Are there any components of the GPU that are shared between the NVDEC chip and other parts of the GPU used for inference leading to potential conflicts on resources and therefore reducing the resources available to decode video streams?
The NVDEC units are completely separate and shouldn’t directly affect inference. However, other factors such as memory bandwidth, compute overhead, or context switching can impact performance, especially if you’re decoding the maximum number of streams.
The camera number depends on your DeepStream pipeline. Hardware decoder is not the only factor to affect the pipeline performance. E.G. When you set up an inference pipeline, the video should be processed(scaling, format conversion, dewarping …etc) to the format which the model can accept, so the GPU will be used to process the video and do the inferencing. The model’s output should be processed to the data the user want(E.G. drawing the bboxes on the video). The ethernet bandwidth will also affect the performance when you use network streams such as RTSP, HTTP,… as the input sources.

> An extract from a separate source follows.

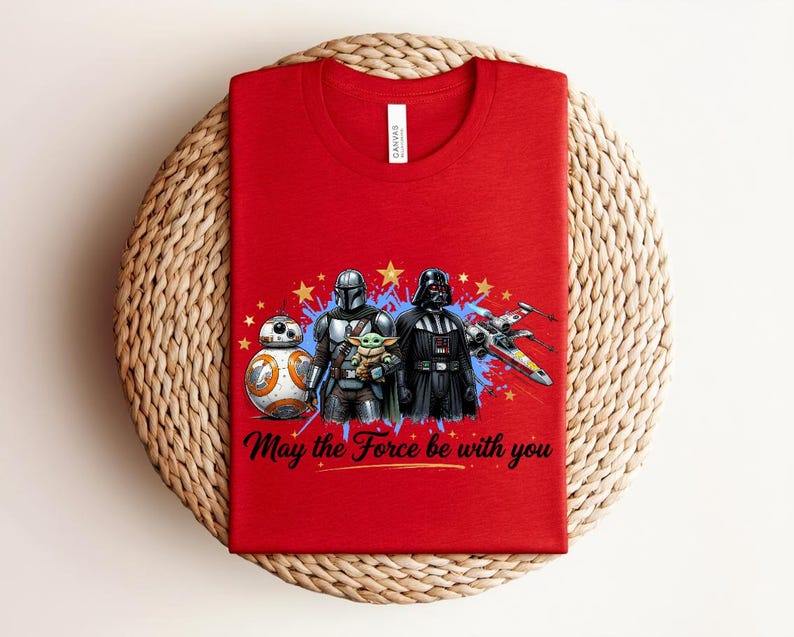 Pode incluir: Uma t-shirt vermelha com uma estampa gr&aacute;fica de BB-8, o Mandaloriano, Grogu e Darth Vader ao lado de um ca&ccedil;a estelar X-wing. O design inclui estrelas amarelas, salpicos de tinta azul e o texto May the Force be with you em preto.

So the performance of the DeepStream pipeline is decided by all the components used in the pipeline. The hardware video decoder is just a part of them.
Currently I have a pipeline that can decode 64 720p H264 streams using the CPU. I want to run the same pipeline on H265 streams and decoding using NVDEC.
The pipeline runs fine with 64 720p H265 streams decoded with NVDEC. The output for nvidia-smi in this second case is:
We can see the sm column being at 100% when using 1080p streams. However, at the same time, the pipeline is running slower - it’s processing less frames per second. Does video decoding on the GPU use streaming multiprocessors? I wasn’t expecting this to happen since my understanding is that NVDEC is a dedicated component.
So decoding the video using the GPU should not affect the sm usage? I am surprised because the only thing that changed between the two tests was the resolution of the video streams.